After arriving at the hotel lobby, Lavi said, "I waited for Mr. Silberman to arrive. He arrived and he was accompanied by two other gentlemen." Lavi said one was identified as McFarlane, but Lavi didn't recall if Allen was the third American.
According to Lavi's account, Silberman did most of the talking: "I believe he is the one who told me that "Mr. Lavi, we have one government at a time.' I took it that they do not want to interfere, but it turned out to be, I found out later on, that that's not the case. The Reagan-Bush campaign made a deal with the Iranians together with the help of the Israelis for the supply of arms to Iran."

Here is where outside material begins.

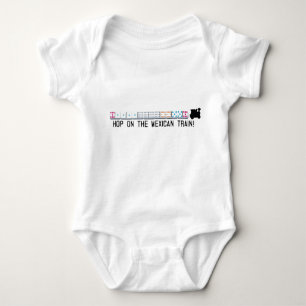 Mexican Train Baby Bodysuit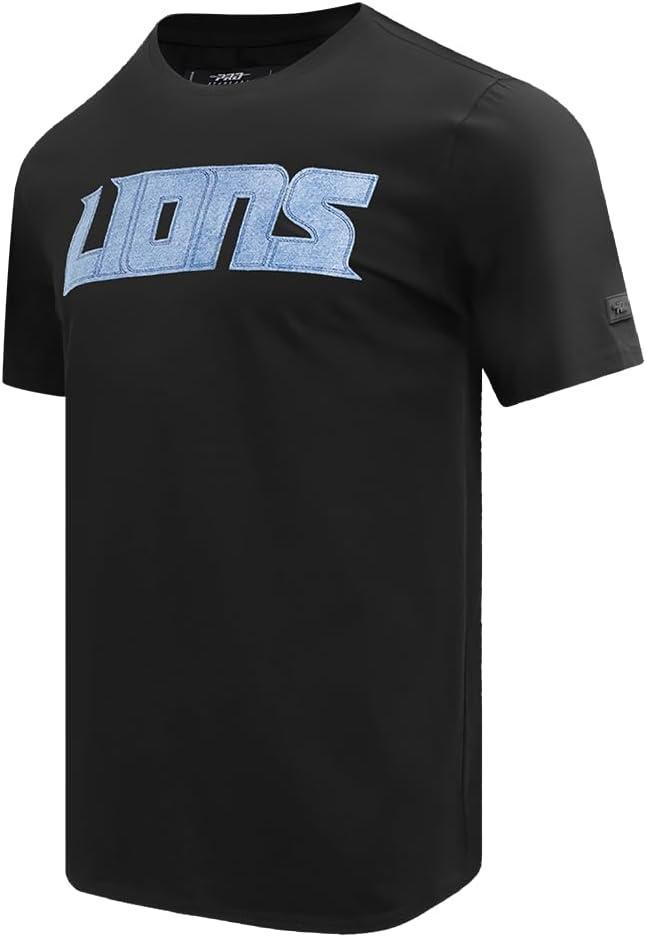 imagePro Standard Mens NFL Varsity Blues Short Sleeve Tee LinenBlack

I also interviewed Lavi's lawyer, Mitchell Rogovin, who was a former CIA counsel and then a senior adviser to the independent presidential campaign of Republican Congressman John Anderson. Rogovin said he was not aware of any Lavi meeting with Allen, Silberman and McFarlane. But Rogovin pulled out his calendar for that period and showed me that he had set up Lavi with a meeting on the morning of Oct. 2 with a CIA officer.
A partially declassified CIA memo has since confirmed that a CIA officer did meet with Lavi, starting at 10:30 a.m. The meeting lasted 55 minutes and involved Lavi proposing "delivery of $8 million to $10 million of F-14 spare parts" as part of a swap for the 52 American hostages, the memo said.
Though that proposal went nowhere, the CIA memo confirmed that Lavi was promoting a plan similar to the one he claimed to outline to the Reagan campaign representatives later that same day.
A Stunning Entry
The House Task Force investigation, which half-heartedly looked into the so-called October Surprise case in 1992, obtained other Rogovin notes, including an entry for Sept. 29, 1980, indicating that Rogovin had called senior CIA official John McMahon about Lavi's proposal and had arranged for the Oct. 2 meeting.
But the following Rogovin entry after the McMahon phone call was stunning. It read: "Larry Silberman -- still very nervous/will recommend " against us this P.M. I said $250,000 -- he said why even bother."
When I called Rogovin back and asked what that entry meant, he said the Anderson campaign was seeking a loan from Crocker National Bank where Silberman coincidentally served as legal counsel. The note meant that Silberman was planning to advise the bank officers against the loan, Rogovin said. "Silberman was nervous about lending the money," Rogovin said (though Crocker ultimately did extend a line of credit to the Anderson campaign).
I asked Rogovin if the Lavi hostage plan might have come up during the conversation with Silberman. "There was no discussion of the Lavi proposal," Rogovin said. But Rogovin acknowledged that Silberman was a friend from the Ford administration when both men had worked on intelligence issues -- Rogovin as CIA counsel and Silberman as deputy attorney general.
So there was at least the plausibility of two friends interested in intelligence matters chatting about Iran, especially since Rogovin's client was busy promoting a hostage deal and Silberman was one of the Reagan campaign officials tasked with keeping tabs on Carter's Iran-hostage negotiations.
After Reagan was elected, Silberman was named a judge on the U.S. Court of Appeals in Washington and moved into a house next door to Rogovin. Their friendship flourished and the two men bought a boat together. So there also was a reason Rogovin might have played down the Lavi-Silberman connection when I talked with him in the early 1990s. He may have wanted to avoid embarrassing or implicating his friend, Silberman.
An Israeli View
Israeli intelligence officer Ben-Menashe offered another account of the L'Enfant Plaza meeting. In Ben-Menashe's version, Lavi -- an Iranian Jew living in the United States and working with the Israeli government -- was involved as a coordinator for the meeting, but he was accompanied by Ben-Menashe and another Iranian, Ahmed Omshei.
Ben-Menashe said the message to the three Republicans was that Israel's Likud government of Prime Minister Menachem Begin was now tilting in favor of an immediate resolution of the Iran hostage crisis because of the outbreak of the Iran-Iraq War in mid-September.
If the American hostages could be freed in early October, the way would be cleared for Israel to sell a wider array of military hardware to Iran, which was then under pressure from the Iraqi invasion, Ben-Menashe said. That, of course, would have been bad news for the Reagan campaign, which feared that a resolution of the crisis before the November election -- the so-called October Surprise -- might give President Carter a major boost toward reelection.